Il Viceré del Bastione – Il secondo mandato (1726-1727)

 

In effetti a preoccupare il barone non erano solo l’aumento del numero dei banditi, bensì il comportamento dello stesso governatore di Sassari, il cavalier Carlino, che aveva assunto la carica nel 1723. Costui non era una persona qualunque, ma un fratellastro del re, nato dalla relazione extraconiugale del duca Carlo Emanuele II con una borghese di Torino. Il cavalier Carlino non era tuttavia l’unico bastardo di Casa Savoia presente in Sardegna in quegli anni: oltre a lui ci fu infatti il marchese di Susa Vittorio Francesco Amedeo di Savoia, frutto degli amori di Vittorio Amedeo II con la contessa di Verrua Giovanna Battista di Luynes[205]. La presenza di tali personaggi creò un notevole imbarazzo ai viceré e costituì un forte elemento di disturbo del loro operato, la cui portata non è stata ancora adeguatamente studiata.

Il Carlino in particolare venne subito ai ferri corti con il Saint Remy, tanto che questi nell’agosto 1726 sosteneva che per governare il Capo di Sassari era necessario “un uomo di testa”, che ovviamente non poteva essere l’attuale governatore, al quale rimproverava in primo luogo una condotta incauta nei confronti del clero, proprio nel momento più acuto della crisi giurisdizionale tra la corte torinese e la Santa Sede[206]. Il Pallavicino informò la Segreteria degli Interni sulle presunte irregolarità commesse dal collega e nello stesso tempo gli mandò degli ammonimenti scritti[207]. È però singolare il fatto che le colpe imputate al Carlino fossero in pratica le stesse di cui era stato accusato a suo tempo lo stesso viceré: autoritarismo e mancanza di rispetto verso le direttive centrali[208].

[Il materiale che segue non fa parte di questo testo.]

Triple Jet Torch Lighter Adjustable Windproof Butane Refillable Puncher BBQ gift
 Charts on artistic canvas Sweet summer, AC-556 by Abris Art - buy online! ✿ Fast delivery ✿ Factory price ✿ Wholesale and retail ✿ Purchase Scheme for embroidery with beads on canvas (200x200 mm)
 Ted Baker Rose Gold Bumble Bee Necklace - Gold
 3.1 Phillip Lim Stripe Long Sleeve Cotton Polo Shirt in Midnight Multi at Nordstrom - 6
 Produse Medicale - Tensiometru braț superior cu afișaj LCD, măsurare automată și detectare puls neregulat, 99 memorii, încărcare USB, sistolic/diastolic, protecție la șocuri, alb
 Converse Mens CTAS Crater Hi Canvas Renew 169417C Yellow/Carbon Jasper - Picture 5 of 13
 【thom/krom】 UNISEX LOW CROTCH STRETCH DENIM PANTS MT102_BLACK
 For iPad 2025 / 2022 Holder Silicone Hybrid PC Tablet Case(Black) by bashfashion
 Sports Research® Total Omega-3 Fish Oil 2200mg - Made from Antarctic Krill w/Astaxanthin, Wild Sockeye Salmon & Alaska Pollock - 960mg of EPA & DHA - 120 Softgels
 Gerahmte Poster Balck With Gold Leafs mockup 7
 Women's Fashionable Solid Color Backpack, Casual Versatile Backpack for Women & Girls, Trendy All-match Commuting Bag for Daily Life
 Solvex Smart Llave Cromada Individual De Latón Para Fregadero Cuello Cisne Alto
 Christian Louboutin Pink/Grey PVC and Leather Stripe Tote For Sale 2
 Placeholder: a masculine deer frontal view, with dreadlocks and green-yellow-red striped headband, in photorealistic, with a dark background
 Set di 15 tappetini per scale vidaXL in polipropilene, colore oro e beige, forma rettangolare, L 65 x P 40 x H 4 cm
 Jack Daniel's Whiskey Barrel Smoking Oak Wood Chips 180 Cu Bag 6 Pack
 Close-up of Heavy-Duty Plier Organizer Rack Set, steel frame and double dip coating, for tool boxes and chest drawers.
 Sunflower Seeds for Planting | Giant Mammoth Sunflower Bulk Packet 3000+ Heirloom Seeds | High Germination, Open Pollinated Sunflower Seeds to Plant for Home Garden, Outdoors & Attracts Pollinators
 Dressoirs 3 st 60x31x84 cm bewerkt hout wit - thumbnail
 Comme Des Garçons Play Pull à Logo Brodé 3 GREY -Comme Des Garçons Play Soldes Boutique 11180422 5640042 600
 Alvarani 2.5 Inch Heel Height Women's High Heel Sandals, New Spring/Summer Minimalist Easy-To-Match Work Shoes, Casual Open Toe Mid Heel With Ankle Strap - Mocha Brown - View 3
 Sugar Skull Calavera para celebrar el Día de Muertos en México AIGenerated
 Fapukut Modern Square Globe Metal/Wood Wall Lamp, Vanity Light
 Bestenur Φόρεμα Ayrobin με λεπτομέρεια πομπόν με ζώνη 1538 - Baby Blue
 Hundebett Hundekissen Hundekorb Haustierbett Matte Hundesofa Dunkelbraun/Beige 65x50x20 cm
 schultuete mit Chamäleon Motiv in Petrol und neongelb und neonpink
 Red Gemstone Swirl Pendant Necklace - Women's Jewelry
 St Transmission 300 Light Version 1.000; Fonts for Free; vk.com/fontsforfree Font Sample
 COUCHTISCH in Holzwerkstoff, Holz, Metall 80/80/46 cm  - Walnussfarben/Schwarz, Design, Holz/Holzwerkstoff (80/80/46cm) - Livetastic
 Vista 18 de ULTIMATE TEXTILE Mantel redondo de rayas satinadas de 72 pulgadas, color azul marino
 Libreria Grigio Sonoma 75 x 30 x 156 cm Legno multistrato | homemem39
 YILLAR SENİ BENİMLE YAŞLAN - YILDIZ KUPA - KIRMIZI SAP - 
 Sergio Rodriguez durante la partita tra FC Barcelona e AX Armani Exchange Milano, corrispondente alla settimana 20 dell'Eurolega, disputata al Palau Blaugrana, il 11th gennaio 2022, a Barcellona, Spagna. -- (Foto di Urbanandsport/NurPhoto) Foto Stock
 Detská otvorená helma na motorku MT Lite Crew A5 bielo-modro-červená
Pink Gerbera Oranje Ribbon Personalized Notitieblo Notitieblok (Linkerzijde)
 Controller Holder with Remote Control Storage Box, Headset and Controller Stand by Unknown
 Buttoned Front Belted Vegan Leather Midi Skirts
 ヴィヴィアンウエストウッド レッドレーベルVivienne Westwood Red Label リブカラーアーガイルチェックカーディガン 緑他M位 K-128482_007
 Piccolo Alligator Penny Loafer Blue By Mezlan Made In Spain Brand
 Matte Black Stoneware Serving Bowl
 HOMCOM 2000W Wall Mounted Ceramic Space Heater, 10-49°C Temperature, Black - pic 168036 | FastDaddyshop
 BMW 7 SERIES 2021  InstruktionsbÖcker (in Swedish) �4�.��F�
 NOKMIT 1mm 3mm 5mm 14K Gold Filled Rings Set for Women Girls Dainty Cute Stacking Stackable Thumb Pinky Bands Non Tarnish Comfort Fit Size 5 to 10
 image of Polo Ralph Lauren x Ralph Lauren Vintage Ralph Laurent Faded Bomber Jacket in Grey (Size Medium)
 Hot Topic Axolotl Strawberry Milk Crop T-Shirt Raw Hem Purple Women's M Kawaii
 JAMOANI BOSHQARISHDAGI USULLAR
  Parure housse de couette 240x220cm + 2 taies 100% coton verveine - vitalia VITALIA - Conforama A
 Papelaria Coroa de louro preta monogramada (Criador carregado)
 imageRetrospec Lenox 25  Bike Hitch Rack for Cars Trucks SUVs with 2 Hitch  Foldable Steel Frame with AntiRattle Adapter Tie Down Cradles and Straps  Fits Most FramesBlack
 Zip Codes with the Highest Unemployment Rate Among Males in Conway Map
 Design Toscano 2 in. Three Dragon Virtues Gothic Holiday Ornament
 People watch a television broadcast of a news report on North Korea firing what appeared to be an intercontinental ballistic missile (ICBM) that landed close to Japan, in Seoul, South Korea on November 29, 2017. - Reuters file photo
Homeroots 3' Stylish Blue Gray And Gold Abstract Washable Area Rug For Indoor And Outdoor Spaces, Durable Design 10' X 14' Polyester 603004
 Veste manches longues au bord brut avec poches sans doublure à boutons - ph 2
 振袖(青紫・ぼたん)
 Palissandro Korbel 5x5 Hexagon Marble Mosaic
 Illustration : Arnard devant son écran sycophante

Al di là dei contrasti personali (da un lato un nobile di alto lignaggio, orgoglioso delle proprie prerogative, dall’altro un uomo probabilmente intenzionato a far valere in modo speciale la propria consanguineità col sovrano), emergeva ancora una volta un problema fondamentale del dominio sabaudo, vale a dire l’equilibrio tra i detentori dei vari poteri e in questo caso la preminenza del viceré sul governatore, che si intrecciava all’antica e mai sopita rivalità tra i capoluoghi e le magistrature dei due Capi dell’isola. Sassari del resto era una piazza “calda” non soltanto per l’ordine pubblico, ma anche per quello religioso, visto che nell’agosto 1726 il barone, pensando al caos in cui versava il capitolo della diocesi, aveva scritto al marchese d’Ormea e lo aveva pregato “di riferire a Sua Santità i disordini delle Chiese di questo Regno e la necessità di fornirle di Pastori”[209].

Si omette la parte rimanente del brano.